→ Work item:
Would you please print exactly the lines that run from the one with "Women's Printed Modal" to the last line of the data, both included, without any pictures?
BEGIN
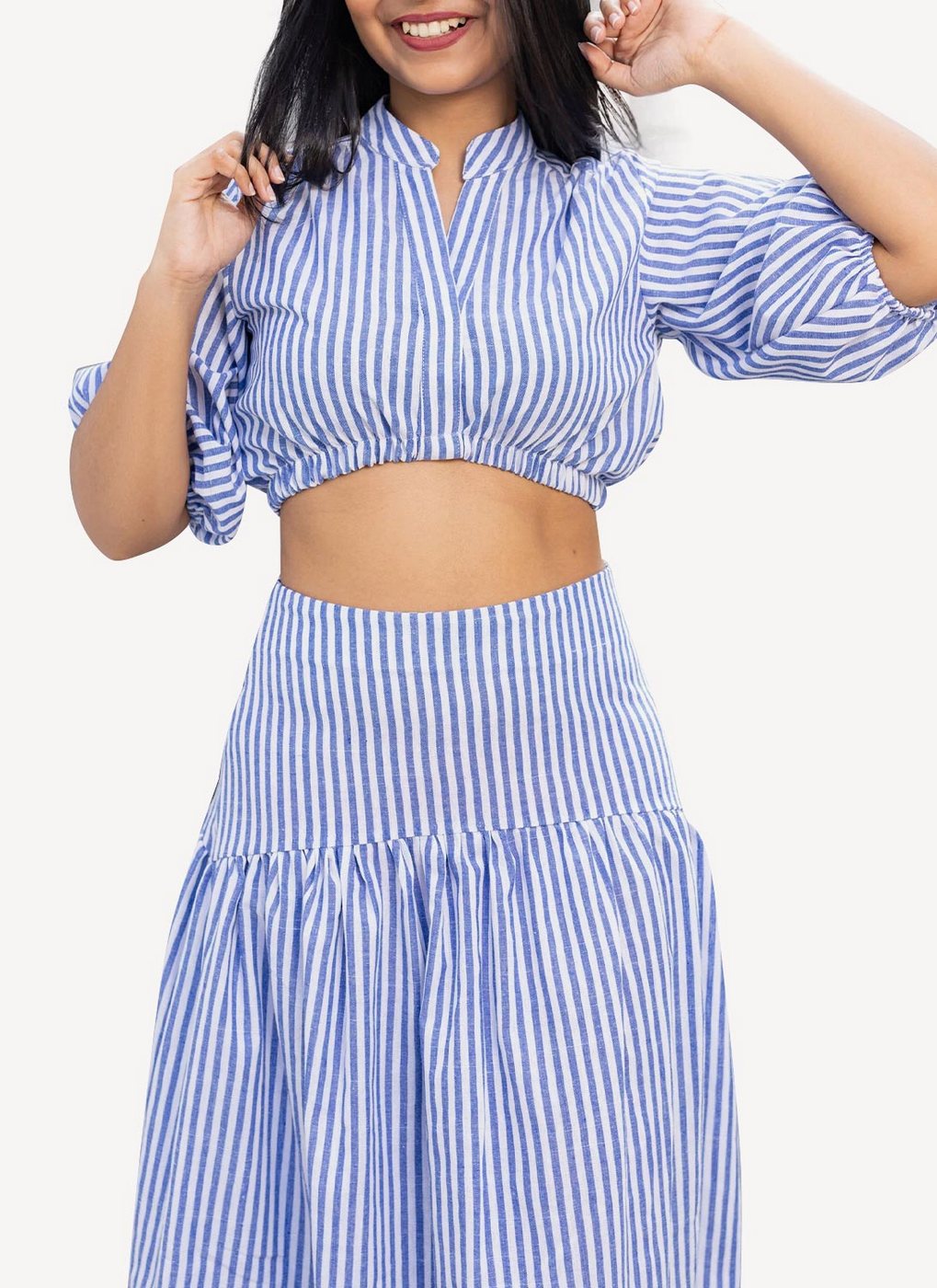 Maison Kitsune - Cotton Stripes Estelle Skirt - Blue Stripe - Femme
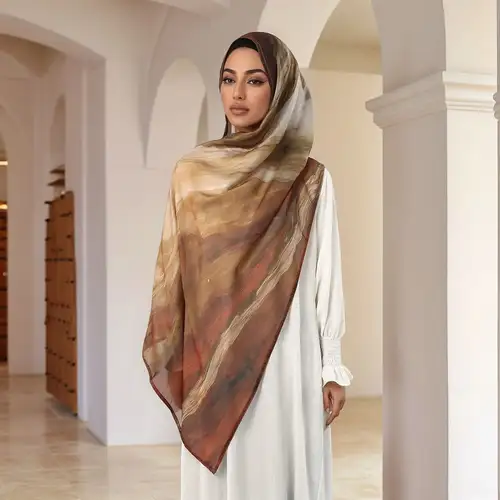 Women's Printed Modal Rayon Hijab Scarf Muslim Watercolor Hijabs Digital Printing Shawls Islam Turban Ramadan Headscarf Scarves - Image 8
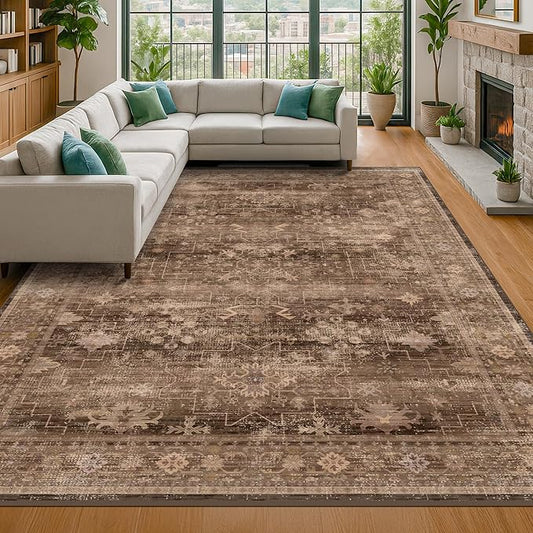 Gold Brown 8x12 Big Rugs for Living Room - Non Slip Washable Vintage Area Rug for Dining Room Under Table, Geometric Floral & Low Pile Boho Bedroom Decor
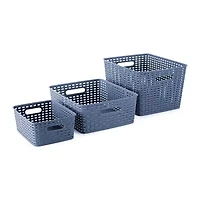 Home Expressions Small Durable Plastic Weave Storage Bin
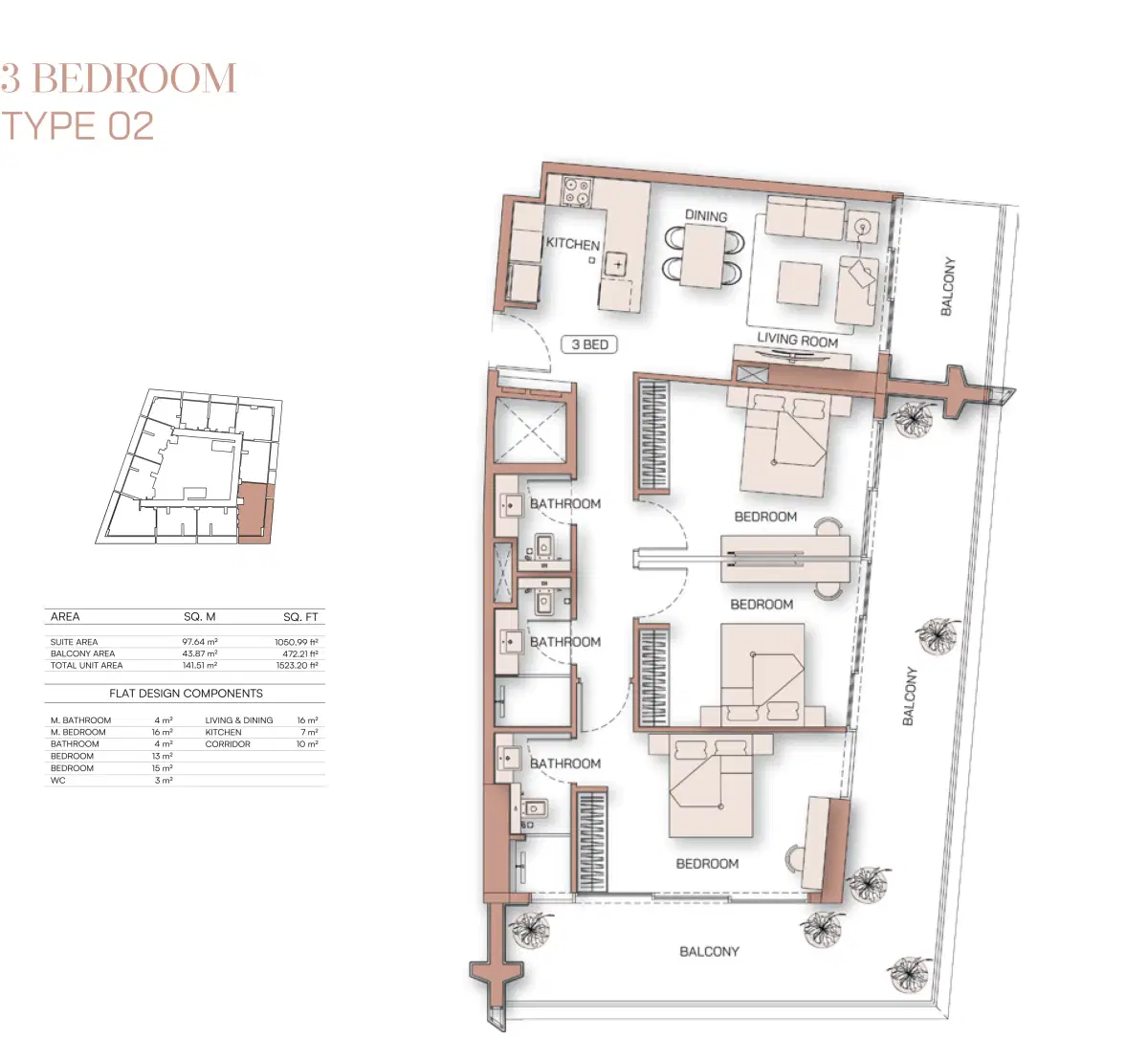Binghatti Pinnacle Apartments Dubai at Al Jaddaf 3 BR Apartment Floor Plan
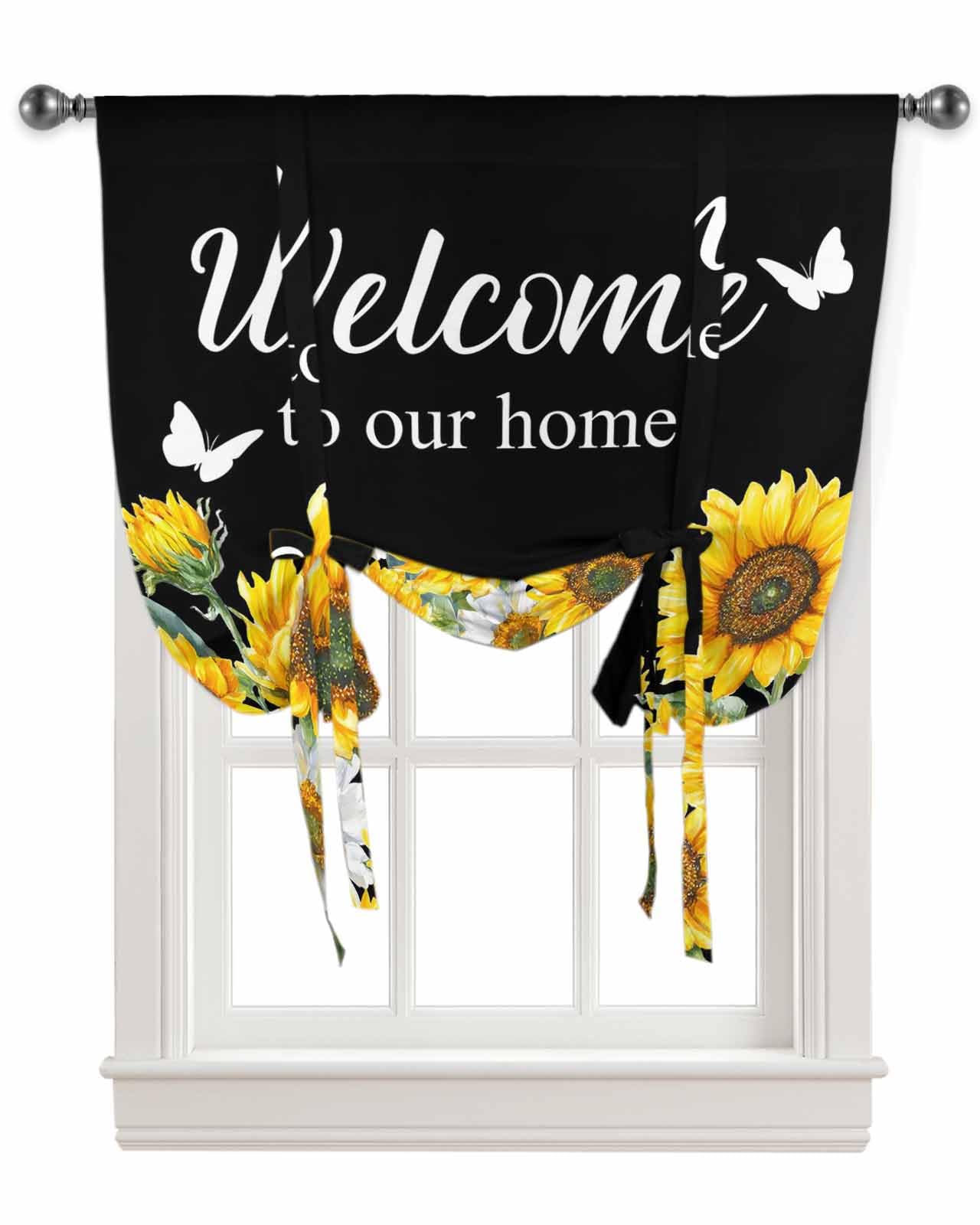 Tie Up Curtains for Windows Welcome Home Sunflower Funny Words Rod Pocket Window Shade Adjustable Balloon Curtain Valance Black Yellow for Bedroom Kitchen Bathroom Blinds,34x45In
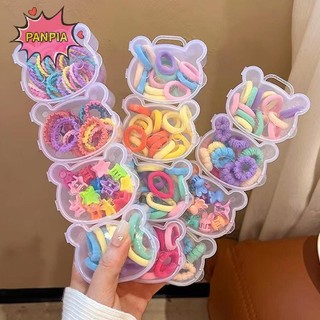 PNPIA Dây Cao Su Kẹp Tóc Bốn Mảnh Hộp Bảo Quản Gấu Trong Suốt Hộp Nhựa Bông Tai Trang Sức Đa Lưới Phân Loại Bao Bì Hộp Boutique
END
→ Exercise result:
 Women's Printed Modal Rayon Hijab Scarf Muslim Watercolor Hijabs Digital Printing Shawls Islam Turban Ramadan Headscarf Scarves - Image 8
 Gold Brown 8x12 Big Rugs for Living Room - Non Slip Washable Vintage Area Rug for Dining Room Under Table, Geometric Floral & Low Pile Boho Bedroom Decor
 Home Expressions Small Durable Plastic Weave Storage Bin
Binghatti Pinnacle Apartments Dubai at Al Jaddaf 3 BR Apartment Floor Plan
 Tie Up Curtains for Windows Welcome Home Sunflower Funny Words Rod Pocket Window Shade Adjustable Balloon Curtain Valance Black Yellow for Bedroom Kitchen Bathroom Blinds,34x45In
 PNPIA Dây Cao Su Kẹp Tóc Bốn Mảnh Hộp Bảo Quản Gấu Trong Suốt Hộp Nhựa Bông Tai Trang Sức Đa Lưới Phân Loại Bao Bì Hộp Boutique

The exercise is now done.